Stellt Bocholt nicht auf die Zerreißprobe!



Ein Kommentar von BERTHOLD BLESENKEMPER

Bocholt ist gespalten wie nie zuvor. Das hat die jüngste Nordring-Diskussion in der Familienbildungsstätte gezeigt. Ursache sind die extrem polarisierenden Argumentationen der Straßenbefürworter und -gegner. Hier die CDU, FDP und die Stadtpartei, die mit Plänen aus der Mitte des vorherigen Jahrhunderts Verkehrspolitik für morgen und davon die „Zukunft Bocholts“ abhängig machen wollen. Auf der anderen Seite der NABU und die FABI, die Grünen und die Linken, die die frei gehaltene, von der Natur zurückeroberte und von den Anwohnern überwiegend als Hunde-Gassimeile genutzte Trasse zum unverzichtbaren „Nordpark“ hochstilisieren. Dazwischen die SPD, die sich am liebsten aus allem raushält und einen Bürgerentscheid fordert.Aber wie auch immer die Sache ausgehen wird, so wie es jetzt läuft, bleibt am Ende ein großer Teil der Bocholterinnen und Bocholter als tief enttäuschte Verlierer auf der Strecke. Kann eine solche Zerreißrobe wirklich das Ziel von Politik sein? Ich denke nicht! Deutlich besser wäre es meiner Meinung nach, sich schnell zusammenzusetzen und endlich einen gemeinsamen Masterplan für Bocholt zu entwickeln, der die Menschen zusammenschweißt statt trennt und das Nörgends-bäter-as-in-Bokelt-Gefühl zurückholt. Dazu hier ein Kompromissvorschlag:

– Den äußeren Stadtring inklusive Nordtangente zu einem zentralen Bestandteil eines neuen Ökologie- und Mobiltätskonzeptes machen, indem an dieser Umgehungsstraße (wie in Groningen und Utrecht bereits erfolgreich praktiziert und von Hans Benno Hein vorgestellt) in jeder Himmelsrichtung Park- and Bike-Parkplätze mit einem kostenlosen viertelstündig fahrenden E-Bus-Shuttleservice in die City angelegt werden.

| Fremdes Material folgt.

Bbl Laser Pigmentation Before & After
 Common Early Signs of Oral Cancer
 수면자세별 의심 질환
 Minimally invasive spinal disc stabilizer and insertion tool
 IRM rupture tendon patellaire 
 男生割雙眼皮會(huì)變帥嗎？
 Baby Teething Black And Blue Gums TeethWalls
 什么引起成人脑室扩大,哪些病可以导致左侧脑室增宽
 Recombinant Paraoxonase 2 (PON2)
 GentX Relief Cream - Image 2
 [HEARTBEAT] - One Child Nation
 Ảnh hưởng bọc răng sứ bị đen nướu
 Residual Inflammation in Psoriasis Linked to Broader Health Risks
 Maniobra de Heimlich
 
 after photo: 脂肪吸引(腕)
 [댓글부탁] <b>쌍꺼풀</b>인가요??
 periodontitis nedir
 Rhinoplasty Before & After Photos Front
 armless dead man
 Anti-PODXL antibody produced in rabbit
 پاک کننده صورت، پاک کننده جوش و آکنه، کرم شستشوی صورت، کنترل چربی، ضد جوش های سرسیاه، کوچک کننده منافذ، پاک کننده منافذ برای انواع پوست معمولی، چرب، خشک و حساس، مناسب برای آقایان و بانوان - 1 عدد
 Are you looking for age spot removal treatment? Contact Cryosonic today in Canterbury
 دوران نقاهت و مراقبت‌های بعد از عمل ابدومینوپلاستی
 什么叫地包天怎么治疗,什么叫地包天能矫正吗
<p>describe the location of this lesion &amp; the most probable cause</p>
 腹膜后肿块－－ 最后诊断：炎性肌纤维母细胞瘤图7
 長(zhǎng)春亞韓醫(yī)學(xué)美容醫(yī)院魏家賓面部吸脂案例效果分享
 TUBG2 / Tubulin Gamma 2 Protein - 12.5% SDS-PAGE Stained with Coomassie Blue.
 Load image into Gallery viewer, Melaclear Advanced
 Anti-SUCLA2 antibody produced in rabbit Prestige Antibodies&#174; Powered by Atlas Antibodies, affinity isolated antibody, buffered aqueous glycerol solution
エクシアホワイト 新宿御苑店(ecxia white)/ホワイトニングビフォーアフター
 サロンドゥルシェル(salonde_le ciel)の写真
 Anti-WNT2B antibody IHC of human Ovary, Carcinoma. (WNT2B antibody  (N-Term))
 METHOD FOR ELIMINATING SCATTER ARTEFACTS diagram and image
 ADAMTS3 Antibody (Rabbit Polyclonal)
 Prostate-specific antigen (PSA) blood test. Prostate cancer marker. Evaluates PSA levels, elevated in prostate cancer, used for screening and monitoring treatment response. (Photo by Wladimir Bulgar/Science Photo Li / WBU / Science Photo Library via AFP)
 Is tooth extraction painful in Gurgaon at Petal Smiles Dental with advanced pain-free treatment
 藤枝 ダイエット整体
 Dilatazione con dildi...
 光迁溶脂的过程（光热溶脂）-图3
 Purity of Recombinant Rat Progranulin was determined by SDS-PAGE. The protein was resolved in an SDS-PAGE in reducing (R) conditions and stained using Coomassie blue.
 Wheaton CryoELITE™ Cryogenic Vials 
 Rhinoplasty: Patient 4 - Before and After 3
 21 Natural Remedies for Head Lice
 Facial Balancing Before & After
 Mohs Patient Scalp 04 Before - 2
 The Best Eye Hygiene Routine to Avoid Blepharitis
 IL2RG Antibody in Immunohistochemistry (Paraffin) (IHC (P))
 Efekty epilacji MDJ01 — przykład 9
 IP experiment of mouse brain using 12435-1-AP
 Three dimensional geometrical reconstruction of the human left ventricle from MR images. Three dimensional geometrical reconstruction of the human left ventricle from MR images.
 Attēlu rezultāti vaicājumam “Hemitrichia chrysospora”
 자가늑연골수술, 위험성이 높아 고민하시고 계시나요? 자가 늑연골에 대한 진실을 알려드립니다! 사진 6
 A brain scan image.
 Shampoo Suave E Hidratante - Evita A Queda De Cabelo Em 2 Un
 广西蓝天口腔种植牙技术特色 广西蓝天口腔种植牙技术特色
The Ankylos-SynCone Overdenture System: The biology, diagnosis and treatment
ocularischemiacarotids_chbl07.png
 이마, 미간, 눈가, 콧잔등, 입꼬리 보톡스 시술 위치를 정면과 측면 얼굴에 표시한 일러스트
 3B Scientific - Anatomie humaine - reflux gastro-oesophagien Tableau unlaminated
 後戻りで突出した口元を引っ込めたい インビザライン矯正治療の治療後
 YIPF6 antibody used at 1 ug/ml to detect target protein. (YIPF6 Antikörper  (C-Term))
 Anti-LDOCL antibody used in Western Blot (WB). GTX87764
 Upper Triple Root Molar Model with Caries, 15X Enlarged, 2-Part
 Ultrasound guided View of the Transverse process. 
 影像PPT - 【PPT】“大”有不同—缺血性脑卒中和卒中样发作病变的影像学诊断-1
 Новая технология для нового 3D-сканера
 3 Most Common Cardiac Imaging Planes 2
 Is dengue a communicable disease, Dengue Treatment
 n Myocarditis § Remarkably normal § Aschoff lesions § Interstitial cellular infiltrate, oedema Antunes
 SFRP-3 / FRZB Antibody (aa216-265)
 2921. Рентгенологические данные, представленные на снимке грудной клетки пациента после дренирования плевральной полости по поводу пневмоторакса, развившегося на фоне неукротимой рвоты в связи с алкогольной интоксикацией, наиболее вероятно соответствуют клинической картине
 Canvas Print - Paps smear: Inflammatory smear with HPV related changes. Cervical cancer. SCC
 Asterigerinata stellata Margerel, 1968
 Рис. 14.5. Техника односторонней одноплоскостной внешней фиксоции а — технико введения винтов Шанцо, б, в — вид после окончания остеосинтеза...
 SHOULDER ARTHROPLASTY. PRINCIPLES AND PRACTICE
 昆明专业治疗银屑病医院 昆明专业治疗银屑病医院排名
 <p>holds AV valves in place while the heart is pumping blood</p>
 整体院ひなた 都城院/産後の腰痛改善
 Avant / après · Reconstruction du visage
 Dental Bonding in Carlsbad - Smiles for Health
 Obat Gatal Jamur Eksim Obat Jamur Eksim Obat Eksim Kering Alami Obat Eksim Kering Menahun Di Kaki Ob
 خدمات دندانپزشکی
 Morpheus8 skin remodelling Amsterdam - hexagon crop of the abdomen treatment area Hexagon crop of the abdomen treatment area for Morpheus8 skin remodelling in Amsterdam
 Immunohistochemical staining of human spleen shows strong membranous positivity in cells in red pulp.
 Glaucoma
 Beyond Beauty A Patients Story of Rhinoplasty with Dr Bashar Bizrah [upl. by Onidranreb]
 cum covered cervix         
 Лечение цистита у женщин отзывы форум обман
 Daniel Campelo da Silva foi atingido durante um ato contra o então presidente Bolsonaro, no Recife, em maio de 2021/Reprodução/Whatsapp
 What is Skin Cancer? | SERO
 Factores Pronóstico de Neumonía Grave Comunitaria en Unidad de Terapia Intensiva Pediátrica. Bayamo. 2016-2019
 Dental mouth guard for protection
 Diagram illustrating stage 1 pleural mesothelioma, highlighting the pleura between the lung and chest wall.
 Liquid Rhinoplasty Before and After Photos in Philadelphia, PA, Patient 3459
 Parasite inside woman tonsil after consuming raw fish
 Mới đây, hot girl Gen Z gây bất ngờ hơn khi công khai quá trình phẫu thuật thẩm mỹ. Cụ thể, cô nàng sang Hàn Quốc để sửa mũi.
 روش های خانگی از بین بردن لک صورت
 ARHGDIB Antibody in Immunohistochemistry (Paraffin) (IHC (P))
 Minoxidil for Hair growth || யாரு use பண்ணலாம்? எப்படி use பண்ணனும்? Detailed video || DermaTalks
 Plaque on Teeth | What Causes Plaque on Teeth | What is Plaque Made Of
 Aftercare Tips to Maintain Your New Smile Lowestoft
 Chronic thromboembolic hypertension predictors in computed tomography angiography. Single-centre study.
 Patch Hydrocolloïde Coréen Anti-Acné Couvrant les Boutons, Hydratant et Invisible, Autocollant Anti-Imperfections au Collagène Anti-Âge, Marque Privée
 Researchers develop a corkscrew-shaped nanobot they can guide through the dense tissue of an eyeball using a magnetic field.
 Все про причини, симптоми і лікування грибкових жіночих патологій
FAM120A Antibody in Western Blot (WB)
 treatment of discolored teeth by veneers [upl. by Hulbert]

– Neue Wohngebiete (wie von allen Parteien gewünscht) erschließen und schnell mehr bezahlbaren Wohnraum schaffen.

– Im Umkehrschluss die Innenstadt (wie sie die Grünen und inzwischen auch schon Teile der CDU vorgeschlagen haben und wie in Spanien, Holland und Dänemark erfolgreich umgesetzt) so weit wie möglich autoarm machen und zu einer Wohlfühl-Erlebniscity ausbauen.

– Massiv (wie es die SPD vorgeschlagen hat) in den öffentlichen Personennahverkehr investieren, um so weit wie möglich Autoverkehr verzichtbar zu machen.

– Stadtstraßen wie in den Niederlanden durch Auftragen von roter Farbe und weißen Streifen zu kombinierten Auto- und Radwegen machen und so der „Fietse“ mehr Bedeutung einräumen

– Den Handel in der City (wie von Made in Bocholt vorgeschlagen) digitalisieren und mit einem auf Lastenrädern und E-Autos basierenden lokalen Lieferservice verknüpfen, der schneller, nachhaltiger und bequemen wäre als die Kombination Amazon/DHL und die kleinen Einkaufverkehre drastisch verringern würde.

– Zum 800-jährigen Stadtjubiläum 2022 statt 800 exakt 8888 neue Bäume (oder besser noch mehr) in der Stadt pflanzen und sie durch zusätzliche Entsiegelung so grün machen wie nie zuvor.

– Das Schützenhaus abreißen (wie es die Bürgerstiftung vorgeschlagen hat) und auf dem Gelände für alle Vereine, Gruppen und Unternehmen eine Multifunktionshalle (wie sie die Jusos vorgeschlagen haben) mit angeschlossenem Bike-Park bauen und dafür einen Sponsor suchen.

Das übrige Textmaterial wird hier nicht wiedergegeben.